You are viewing a plain text version of this content. The canonical link for it is here.
Posted to commits@arrow.apache.org by ne...@apache.org on 2021/02/27 09:07:24 UTC

[arrow] branch master updated: ARROW-11778: [Rust] Cast from LargeUtf8 to Numerical and temporal types

This is an automated email from the ASF dual-hosted git repository.

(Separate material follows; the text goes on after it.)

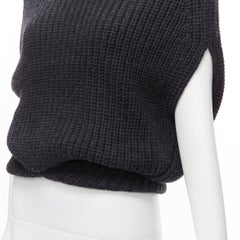 3.1 PHILLIP LIM dunkelgrauer Pullover aus Merinowollemischung mit Kokon-Tropfenärmeln US0 XS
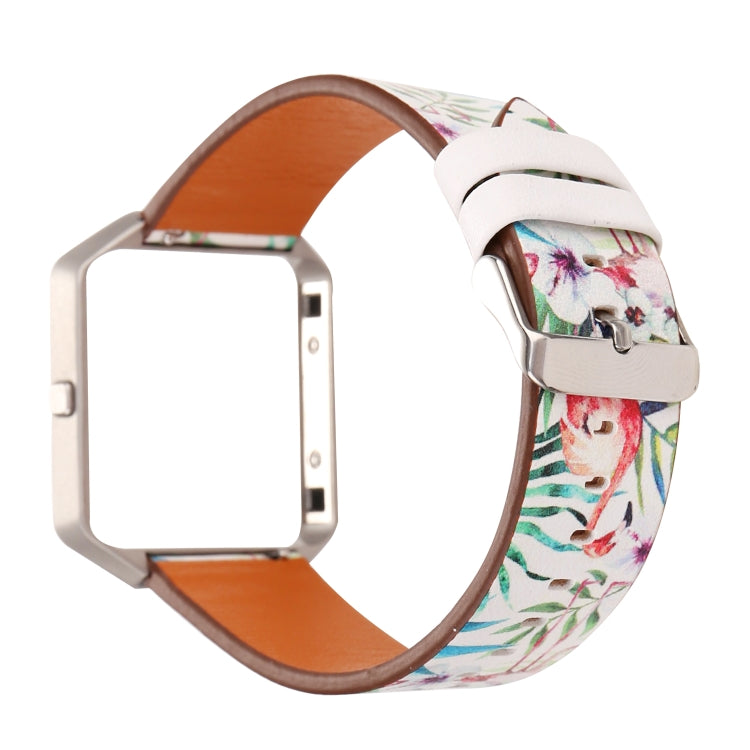 Leather watch strap for Fitbit Blaze, white floral garden print with multicolor leaves, silver buckle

nevime pushed a commit to branch master
in repository https://gitbox.apache.org/repos/asf/arrow.git


The following commit(s) were added to refs/heads/master by this push:
     new 0f64726  ARROW-11778: [Rust] Cast from LargeUtf8 to Numerical and temporal types
0f64726 is described below

commit 0f647261058892289b1722e5883f8610cc5dd3d9
Author: Ritchie Vink <ri...@gmail.com>
AuthorDate: Sat Feb 27 11:05:46 2021 +0200

    ARROW-11778: [Rust] Cast from LargeUtf8 to Numerical and temporal types
    
    Sorry that the PR's are not more clustered, but they occur to me in the wild.
    
    This PR allows casting from LargeUtf8 to numerical and temporal types. It also modifies the already existing string to temporal casts such that it uses the new faster `from_trusted_length` iterator API.
    
    Closes #9571 from ritchie46/large_utf8_to_numerical
    
    Lead-authored-by: Ritchie Vink <ri...@gmail.com>
    Co-authored-by: Neville Dipale <ne...@gmail.com>
    Signed-off-by: Neville Dipale <ne...@gmail.com>
---
 rust/arrow/src/compute/kernels/cast.rs | 227 ++++++++++++++++++++++-----------
 1 file changed, 153 insertions(+), 74 deletions(-)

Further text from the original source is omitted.